Debt
Long-term debt is composed of the following:
| | | | | | | | | | | | | | | | | | | | | | | | | | |
| | Weighted-Average Interest Rate | | Maturities | | December 31 |
| | 2025 | | 2024 |
| Notes and debentures | | 3.6% | | 2026 - 2050 | | $ | 6,784 | | | $ | 7,310 | |
| Industrial development revenue bonds | | 3.7% | | 2029 - 2045 | | 59 | | | 59 | |
| Bank loans and other financings in various currencies | | 5.9% | | 2026 - 2046 | | 43 | | | 46 | |
| Total long-term debt | | | | | | 6,886 | | | 7,415 | |
| Less current portion | | | | | | 412 | | | 561 | |
| Long-term portion | | | | | | $ | 6,474 | | | $ | 6,854 | |
Scheduled maturities of long-term debt for the next five years are $413 in 2026, $608 in 2027, $704 in 2028, $706 in 2029 and $745 in 2030.
In February 2023, we issued $350 aggregate principal amount of 4.50% notes due February 16, 2033. Proceeds from the offering were used for general corporate purposes including the repayment of a portion of our commercial paper indebtedness.
Committed Bridge Financing
In November 2025, in connection with the Merger Agreement discussed in Note 4, the Company and JPMorgan Chase Bank, N.A. (the "Bank") executed a certain bridge loan facility commitment letter, pursuant to which the Bank has committed to provide bridge financing (the "Bridge Facility") in an amount of $7.7 billion to the Company to fund the Cash Consideration, the fees, costs and expenses incurred in connection with the transactions contemplated by the Merger Agreement and to repay certain existing indebtedness of Kenvue and/or its subsidiaries. In December 2025, $3.8 billion of the commitments in the Bridge Facility were terminated in connection with entry into the New Revolving Credit Facility and DDTL Credit Facility (as defined below). We incurred debt issuance costs of $15 in connection with the Bridge Facility, of which $8 was charged to earnings in connection with the termination of a portion of the commitments. The remaining unamortized amount is capitalized in Other current assets.
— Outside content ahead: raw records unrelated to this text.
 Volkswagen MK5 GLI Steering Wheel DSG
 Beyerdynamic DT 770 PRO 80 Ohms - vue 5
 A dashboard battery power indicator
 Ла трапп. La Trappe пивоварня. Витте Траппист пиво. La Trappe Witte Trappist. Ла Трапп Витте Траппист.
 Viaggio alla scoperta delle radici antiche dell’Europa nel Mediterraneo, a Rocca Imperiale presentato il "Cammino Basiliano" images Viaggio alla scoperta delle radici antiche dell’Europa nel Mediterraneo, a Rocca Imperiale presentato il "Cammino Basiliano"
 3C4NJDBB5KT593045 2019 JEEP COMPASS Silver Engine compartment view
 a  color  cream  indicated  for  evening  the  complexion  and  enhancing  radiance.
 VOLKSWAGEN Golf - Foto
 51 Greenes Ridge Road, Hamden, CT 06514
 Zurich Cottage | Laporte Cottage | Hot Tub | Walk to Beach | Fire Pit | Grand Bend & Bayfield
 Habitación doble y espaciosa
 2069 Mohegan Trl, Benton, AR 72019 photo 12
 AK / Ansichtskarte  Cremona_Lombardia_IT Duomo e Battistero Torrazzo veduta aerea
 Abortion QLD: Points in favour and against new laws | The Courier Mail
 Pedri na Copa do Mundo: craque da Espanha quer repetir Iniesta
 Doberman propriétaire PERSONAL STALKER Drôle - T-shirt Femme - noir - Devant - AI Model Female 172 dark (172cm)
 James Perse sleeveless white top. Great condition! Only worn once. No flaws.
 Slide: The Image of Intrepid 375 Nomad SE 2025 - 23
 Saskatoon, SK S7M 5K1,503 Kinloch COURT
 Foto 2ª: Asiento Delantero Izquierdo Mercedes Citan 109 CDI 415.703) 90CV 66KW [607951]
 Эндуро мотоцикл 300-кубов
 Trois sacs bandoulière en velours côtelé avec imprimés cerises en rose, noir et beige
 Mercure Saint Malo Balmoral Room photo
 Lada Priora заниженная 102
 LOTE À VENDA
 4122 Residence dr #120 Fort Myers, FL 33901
Revolving Credit and Delayed Draw Term Loan Agreements
In December 2025, we entered into (i) the Five-Year Revolving Credit Agreement by and among Kimberly-Clark, JPMorgan Chase Bank, N.A. (the "Bank") and the other lenders party thereto (the “New Revolving Credit Facility”) and (ii) the Delayed Draw Term Loan Credit Agreement by and among Kimberly-Clark, the Bank, and the other lenders party thereto (the “DDTL Credit Facility”). The New Revolving Credit Facility matures in December 2030 and provides for a revolving credit facility of up to $4.0 billion (which may be increased by up to $1.0 billion upon obtaining additional commitments from the then-existing or new lenders and the satisfaction of certain other conditions). The DDTL Credit Facility provides for a delayed draw term loan facility of up to $1.8 billion, which, along with $2.0 billion of the commitments under the New Revolving Credit Facility, will be available with limited conditionality to ensure certainty of funds to pay the Cash Consideration, the fees, costs and expenses incurred in connection with the transactions contemplated by the Merger Agreement and to repay certain existing indebtedness of Kenvue and/or its subsidiaries. The commitments under the DDTL Credit Facility will terminate upon the earlier of (i) the termination of the Merger Agreement or (ii) the closing of the transactions contemplated by the Merger Agreement without the borrowing of funds under the DDTL Credit Facility. Amounts borrowed under the DDTL Credit Facility are payable within one year, subject to certain mandatory prepayment conditions described in the DDTL Credit Facility.
Borrowings under the New Revolving Credit Facility and the DDTL Credit Facility will bear interest, at our option, at a rate equal to (i) a base rate (subject to a floor of 1.00%) or (ii) a floating secured overnight financing rate (subject to a floor of 0.00%) plus an applicable margin. The applicable margin will range from 0.50% to 1.00% depending on our credit rating and is initially 0.75%.
We capitalized debt issuance costs of $5 in connection with the facilities discussed above; the unamortized portion is presented in Other current assets. The New Revolving Credit Facility, currently unused, supports our commercial paper program, and would provide liquidity in the event our access to the commercial paper markets is unavailable for any reason.
Concurrently with the closing of the New Revolving Credit Facility and the DDTL Credit Facility, we terminated the commitments outstanding under our previous $750 revolving credit facility, originally set to mature in May 2026 and reduced the commitments outstanding under our existing $2.0 billion revolving credit facility, which matures in June 2028, to $1.0 billion.